◆ **What the task asks**
Setting pictures aside, output exactly the lines from the start of the records to the line with "Vitacost, экстракт гарцинии", that line included.

◆ **Exercise material**
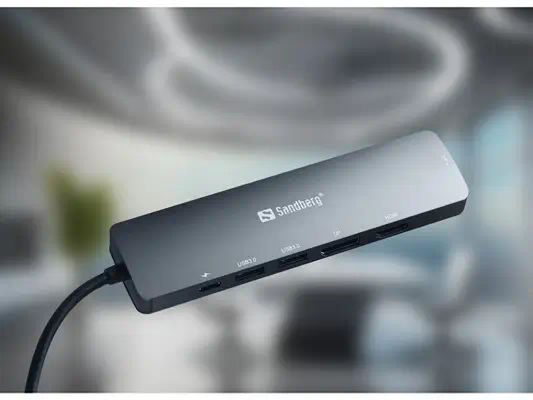 Sandberg 136-43 station d'accueil USB 3.2 Gen 1 (3.1 Gen 1) Type-C Gris - Station d'accueil pour portable - visuel 6
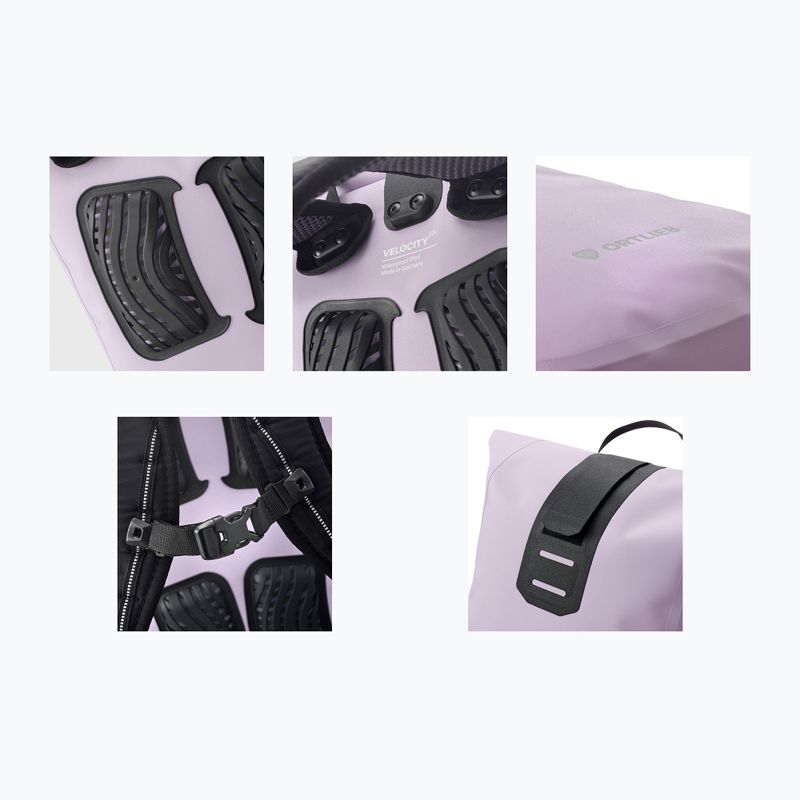 Rucsac ORTLIEB Velocity Tidura Strong 23 l lavandă 9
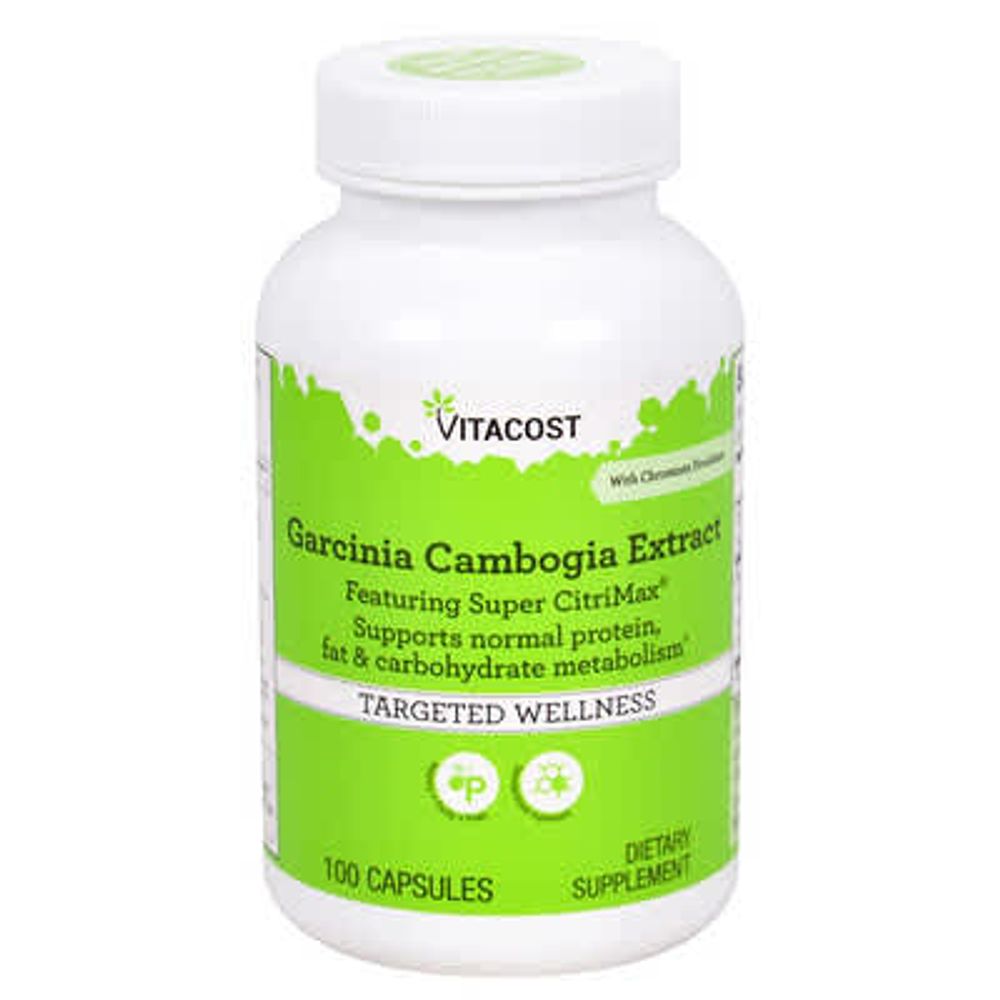 Vitacost, экстракт гарцинии камбоджийской (Garcinia Cambogia) с пиколинатом хрома и Super CitriMax®, 100 капсул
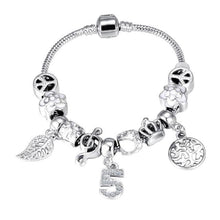 Load image into Gallery viewer, Silver Steel Crystal Charm Bracelet For Women - K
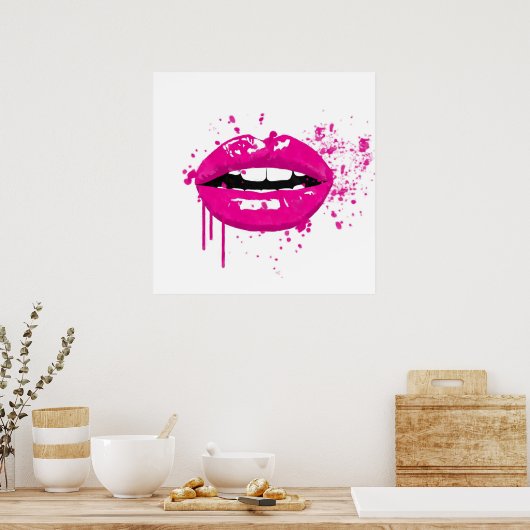 Mode glamour trendy make keup kus roze poster (Keuken)
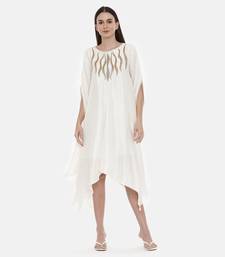 Ivory Embroidered Silk Dress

◆ **Completed task**
 Sandberg 136-43 station d'accueil USB 3.2 Gen 1 (3.1 Gen 1) Type-C Gris - Station d'accueil pour portable - visuel 6
 Rucsac ORTLIEB Velocity Tidura Strong 23 l lavandă 9
 Vitacost, экстракт гарцинии камбоджийской (Garcinia Cambogia) с пиколинатом хрома и Super CitriMax®, 100 капсул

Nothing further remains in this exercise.